Corey: Right. Whereas I come from the Linux and startup world here in San Francisco where our entire approach to development is laughing derisively at anything that's more than six weeks old and throw everything away. When everything's greenfield, you can build amazing stuff that never looks bad because you won't be running it long enough for it to become legacy.
Richard: Yeah. By that point, you've pivoted.
Corey: Exactly.
Richard: Where I think, yeah, a non-trivial chunk of my listeners are folks that are still paying the price for decisions made in the early aughts.
Corey: Isn't that the truth? When people say legacy, I hear it makes money and, again, I'm a three year old company. There's only a handful of us here now, but everything we've built is largely serverless and I look back and I still see that I have piles of technical debt. "Ooh, I would do that differently. There's a better way to have done that. Oh, my account management was crappy, et cetera, et cetera, et cetera." But it doesn't actually solve any business problem for me. If I fix that, it just assuages my sense of something not being right in the world.
Richard: It's also a balancing act on those things as well, right? You have it pivot moments like I'm about to renew this contract for the next two years or five years. This is the moment to make a decision like how much will I regret this when that contract expires that I did this again? Shouldn't I make a move to the code or do a rearchitecture, retire or a piece of technical debt? There's only certain moments when it makes sense to actually pursue that. They slowly cost you, right? They are hammers in that sack of hammers you're carrying around and, you know, the chance you get to shake a few off. It's pretty compelling.
Corey: It really is. But what's also interesting to me about you is that you and I have both gone to the same direction where to some extent we've stopped writing code day to day, 40 hours a week and started doing other things. And the podcast is fascinating. I view you as someone I can reach out to from time to time and get good advice and figured it's probably time to wind up putting you on the show as well. But from my perspective, when I started this, it was, "Well, what do I do with the podcast? Like how do I structure this show in a way that makes sense for people?" I know I wanted an interview show for starters for two reasons. The aspirational of trying to help other people tell stories and effectively give them exposure to a new audience. And the real answer, which was, "I'm a nobody who no one should ever listen to seriously." But when you say, "Would you like to be on my podcast?" People say, "absolutely" instead of, "Who are you? Get out of my office."

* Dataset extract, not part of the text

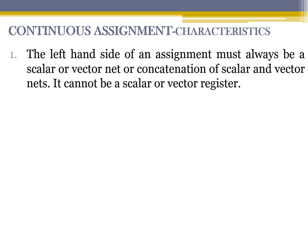Let us see the characteristics of a continuous assignment statement in Verilog. Since it is an assignment statement, it is a Boolean expression with an LHS and an RHS. The first rule: the left-hand side of the assignment must always be a scalar or a vector net, or it can be a concatenation of scalar and vector nets, but it cannot be a register. So the LHS must always be a wire — it can never be a register.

Richard: How'd you get in here?
Corey: Exactly.
Richard: I also... I've discovered how powerful it is just as a research vehicle. You have these amazing conversations where ultimately you're... You represent the audience while just helping to try and understand what's going on, what they're talking about, and if you can clarify that, you'd probably clarifying it for the listener as well. But you ended up in this sort of state, this gestalt state, this, "I have a sense of a view over this platform because I've talked to all these different people and then gotten feedback from my listeners." And so I sit in a sort of interesting analytical space where it's like, these things seem to be important for the companies that are selling them, but not that important for the users that don't really care about them.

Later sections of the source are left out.